New mammogram guidelines could help catch breast cancer early

RICHMOND, Va. -- Amy Mason can find humor in just about anything --even in her wig, Leslie.

"We'll be getting ready to go and I'll say ‘somebody go get Leslie. She's got to go with us,’” Amy Mason said. “I have a great wig.”

Laughter is good medicine for the single mother of three who was diagnosed with breast cancer in January.

"It's like a punch. A hard punch. You can't breathe,” Mason said.

Amy Mason

Once a week, Amy travels from North Carolina to VCU Massey Cancer Center for her treatments. She has triple negative breast cancer, one of the most aggressive forms of cancer.

"If I would have waited, it probably would have had metastasized to other places and been a very sick person,” Mason said.

The 49-year-old has gotten mammograms every year for the last eight years.

That helped doctors compare previous results when they spotted a tumor in December after doing a 3D mammogram which doctors recommend.

"If she would have had her first mammogram at age 50, she would have lost a year of time in the treatment of her cancer,” said Dr. Kandace McGuire.

McGuire, chief of breast surgery at Massey, backs new mammogram guidelines from the American Society of Breast Surgeons. The new guidelines include recommendations for personalized screening plans for women of varying degrees of cancer risk, based on family history and the results of genetic counseling.

The key recommendations include:

  1. Women over 25 should undergo a formal risk assessment for breast cancer.
  2. Women with an average risk of breast cancer should initiate yearly screening mammography at age 40.
  3. Women with a higher-than-average risk of breast cancer should undergo yearly screening mammography and be offered yearly supplemental imaging; this screening should be initiated at a risk-based age.
  4. Screening mammography should cease when life expectancy is less than 10 years.

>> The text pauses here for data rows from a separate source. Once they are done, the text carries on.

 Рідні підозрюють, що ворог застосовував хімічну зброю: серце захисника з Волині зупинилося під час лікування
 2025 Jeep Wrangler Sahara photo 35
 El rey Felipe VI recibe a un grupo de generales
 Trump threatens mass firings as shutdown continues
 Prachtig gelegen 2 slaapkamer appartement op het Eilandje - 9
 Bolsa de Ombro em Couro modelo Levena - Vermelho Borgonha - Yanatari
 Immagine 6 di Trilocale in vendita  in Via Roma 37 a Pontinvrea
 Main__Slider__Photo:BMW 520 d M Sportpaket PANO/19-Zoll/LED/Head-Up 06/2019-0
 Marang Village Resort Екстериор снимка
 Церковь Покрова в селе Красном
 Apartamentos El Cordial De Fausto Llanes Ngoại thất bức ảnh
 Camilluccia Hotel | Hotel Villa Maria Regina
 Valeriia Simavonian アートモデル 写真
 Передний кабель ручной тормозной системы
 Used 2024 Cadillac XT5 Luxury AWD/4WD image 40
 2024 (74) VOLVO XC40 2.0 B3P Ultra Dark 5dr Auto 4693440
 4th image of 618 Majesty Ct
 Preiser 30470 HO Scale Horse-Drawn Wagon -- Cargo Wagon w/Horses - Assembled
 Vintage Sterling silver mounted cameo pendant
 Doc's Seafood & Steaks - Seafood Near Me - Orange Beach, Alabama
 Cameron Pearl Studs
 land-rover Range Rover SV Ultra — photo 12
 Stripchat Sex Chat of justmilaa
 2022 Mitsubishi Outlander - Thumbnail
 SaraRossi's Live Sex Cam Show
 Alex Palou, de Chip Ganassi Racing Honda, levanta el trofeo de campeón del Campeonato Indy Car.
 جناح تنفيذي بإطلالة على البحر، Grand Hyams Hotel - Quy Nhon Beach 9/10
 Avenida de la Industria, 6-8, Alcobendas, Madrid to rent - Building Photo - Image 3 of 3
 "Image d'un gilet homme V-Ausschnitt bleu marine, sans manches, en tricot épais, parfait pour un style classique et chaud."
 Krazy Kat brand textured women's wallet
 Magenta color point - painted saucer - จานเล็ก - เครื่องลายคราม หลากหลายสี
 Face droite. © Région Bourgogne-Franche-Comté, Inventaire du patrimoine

Starting mammograms at age 40 is a big difference from current guidelines from the U.S preventative task force that recommends starting mammograms at age 50 and every other year.

“And what we found there was a 15 percent reduction in mortality in women who began their mammogram at age 40,” McGuire said.

McGuire said those recommendations from other groups were based on mammography techniques that are 20 years old.

Amy Mason

“We have better mammography now that’s more effective, more accurate for women,” McGuire said.

With different guidelines out there, which one should patients follow?

"This is a personal decision that a patient needs to make with her healthcare provider,” McGuire said.

For Mason, she's just taking life day by day.

"Enjoy every moment and appreciate the little things,” Mason said.

Mason says she has Stage 3 breast cancer because more tumors were discovered after diagnosis. She has six more chemo treatments and is expected to have surgery in August.